RICHMOND, Va. -- Last week, CBS6 brought you the story of Ty Jackson, an IT worker who was trying to get his unemployment benefits from last year after the Virginia Employment Commission said someone had collected them in his name.
A spokeswoman told CBS6 last Friday that his fraud claim had been resolved, but in fact, a week later he was only able to retrieve his PIN. His case is far from resolution.
Then another viewer, who was also the victim of fraud on her VEC account, pointed out that Jackson might be liable for the tax due on benefits someone else had stolen.
She just got a 1099 tax form, which shows she could owe more than $1,000 to the IRS.
“The system went down before the first year was over, then it was down for over a month and then it came back and went back down,” said Brenda Ingram. “New system, old system, it doesn't matter, because the people that answer the phone, when you talk to them, don't have a clue what's going on.”
Ingram's journey through the VEC bureaucracy began in March of 2020 when the Department of Corrections contract she was working under expired.

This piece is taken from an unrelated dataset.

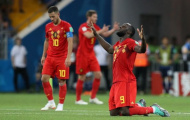 Nguồn cảm hứng phía sau sự thành công rực rỡ của Lukaku tại World Cup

But the start of the pandemic meant few new jobs and closed schools, so she became her grandchild's caregiver.
She applied for and got pandemic benefits. But when she applied for the new program in September of that year, her trouble began.
“I never could figure out why, because apparently that was the same time that the fraud started on my account, and I didn't know it,” Ingram said. “I filed an appeal. I've talked to several people, and no one could ever figure it out. No one could help me because they don't talk to each other. Somehow, they don't know what's going on.”
For the next year, Ingram tried everything she could to get through to the VEC, but no one could resolve how someone was apparently able to steal her benefits.
“It didn't tell me that in the first letter,” she said. “In the second letter, they knew right away, like, ‘Oh, this is fraud, yeah, we know about it. We'll, we'll take care of it.’ But they never took care of it.”
She says the VEC's dedicated fraud hotline didn't help either.
“So after two or three tries, I gave up, and I didn't know what else to do,” Ingram said. “Because nothing over there works. None of their systems. And I just gave up.”
But exasperation wasn't the only nuisance Ingram faced: this week she got a 1099 tax form which is also sent to the IRS. It shows more than $5,000 in benefits that the VEC supposedly paid her.
Now she could be facing that $1,000 tax bill and worse, be forced to pay a lot more in the insurance marketplace for her health insurance.
“They definitely need to fix this, because it's going to cost me a lot of money in taxes and insurance premium hikes,” said Ingram. “But because I've had to go this far with them, I also want to be paid what I was owed.”
Ingram says being denied the money she was owed is one thing, but now having to pay tax and possibly losing her healthcare coverage has this Powhatan grandmother reaching out to whomever she can for help including her state delegate.
“It's just ridiculous that they can't get anything straight, even when you finally get a hold of them,” Ingram said. “And I actually even made a fraud claim to the unemployment office, because I wanted them to take a look at this and fix it, and they never did. They never even sent me a letter, and months later, here it is February.”
I asked VEC spokeswoman Joyce Fogg how many fraud cases like Ingram's and Ty Jackson’s the VEC is investigating, and especially, how many amended 1099 tax form requests the VEC has been asked for.
If the VEC does not amend the form, the IRS expects the tax payment.
Fogg did not respond.
CBS6 connected Ingram with a tax specialist who might be able to help her and I will continue to follow their cases.